Trabajando en red, Silvia ha podido ejercer soberanía alimentaria en su familia y parte de su comunidad y, de paso, planta su posición política frente al asunto. “No necesitamos semillas transgénicas”, dice una vieja cartelera pintada a mano en la que se ve a una mujer abrazada a un maíz —tal cual ella al naranjo—, con la que presenta su hogar como casa de semillas.
Ya son 17 años guardando y recuperando pepitas. Tiene más de 150 especies que conforman ahora toda una “biblioteca”, como le gusta llamarla, de la que saca para hacer trueques e incluso para prestarles a sus vecinos. El trato es que por una que se lleven para sembrar deben devolver dos después de la cosecha. No para ella, sino para alcanzar la sostenibilidad, y hacer resistencia entre todos a los productos fabricados, a esos que no son los que da la tierra, su tierra nariñense.
Con esa misma filosofía de autonomía con la que ha hecho su vida quiere estar en comunidad. Con los niños de su pueblo conformó la Red de Familias Custodias de Semillas, en la que refuerzan el respeto al campo y el amor por lo propio. Llevan un proceso de ahorro y crédito autogestionado con tareas bien marcadas: la registradora tiene 12 años, los contadores tienen 11 y 15, y el presidente tiene 10.
Son cerca de 20 niños que se reúnen en casa de Silvia cada 15 días para hacer sus cuentas y trabajar en los cuatro fondos que manejan: el ahorro voluntario, el de semillas, el de solidaridad, y el de café, que es la excusa para compartir y volver a unir los lazos comunitarios, porque detrás de los niños vienen sus papás. Con esos recursos han podido tener gallinas, ayudar a aquellos que atraviesan necesidades y convertirse en gestores de sus propios sueños.
Porque de sueños —y de capacidad— está colmada la esquina suroccidental del país, allá donde la cordillera de Los Andes deja de ser una y se convierte en tres, donde el manto verde de las montañas es también azul y marrón y amarillo, y donde un campesino es uno y es todos a la vez.
“Entre más seamos, más fuertes seremos”, dicen los fundadores de Kafyh, una asociación que reúne por ahora a once productores de cafés especiales y cuyo propósito es trabajar por el desarrollo del campo nariñense. “Kafyh transforma sueños individuales y los convierte en colectivos”, explica su gerente Juan José Ávila. Él mismo es un soñador. Un día imaginó este proyecto y con solo las ganas lo puso a andar.
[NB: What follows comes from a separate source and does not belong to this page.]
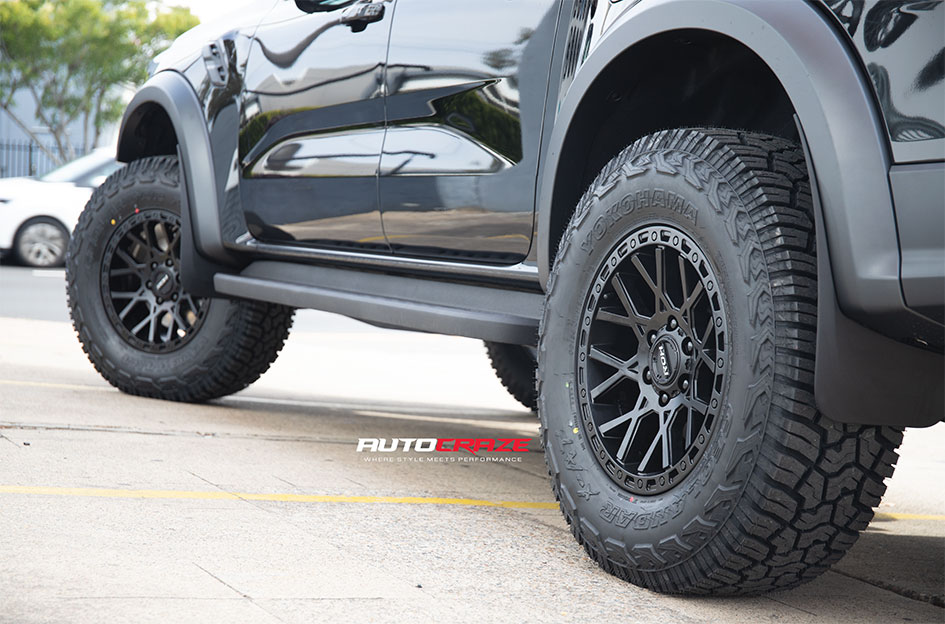 FORD RANGER RAPTOR NEXT GEN ROH CRAWLER MATT BLACK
Dos años después —como la cordillera—, ya tiene tres ramas: asociación de caficultores, tostadora de café y exportadora.
Silvia es una de las asociadas. Su café orgánico —cultivado en esa tierra que se empeñó en limpiar de químicos desde que la recibió— tiene una puntuación que bordea los 87 puntos sobre los cien establecidos por la Asociación de Cafés Especiales (SCA, por su sigla en inglés) para calificar y certificar estas variedades únicas de café en cualquiera de los más de cien países donde tiene asociados.
Antes de pertenecer a Kafyh, Silvia no tenía claro el potencial de su café. Con ellos comprendió que el suyo es de calidad superior y que, por eso, la ilusión de ver su marca en lugares remotos es posible. Se llama Cafemme, una combinación perfecta entre café y mujer. Femme, en francés. Café, en el lenguaje universal del amor.
Es que el café de Silvia produce una sensación parecida al enamoramiento, un repentino subidón de placidez que un paladar no entrenado solo puede atribuir a la dedicación con que lo produce, a la entrega con que toca la tierra, a la ternura con que les habla a sus plantas y al orgullo con el que lo ofrece.
Para los expertos catadores esos sentimientos se traducen en fragancia, aroma, dulzura, cuerpo y acidez, y otros criterios que utilizan para calificar el café. El de Nariño se caracteriza por ser suave, de acidez media baja y con tendencia a los sabores cítricos, lo cual, según algunos, se debe al origen volcánico de sus suelos y, según otros, a la capacidad del café para captar los aromas y sabores de su entorno.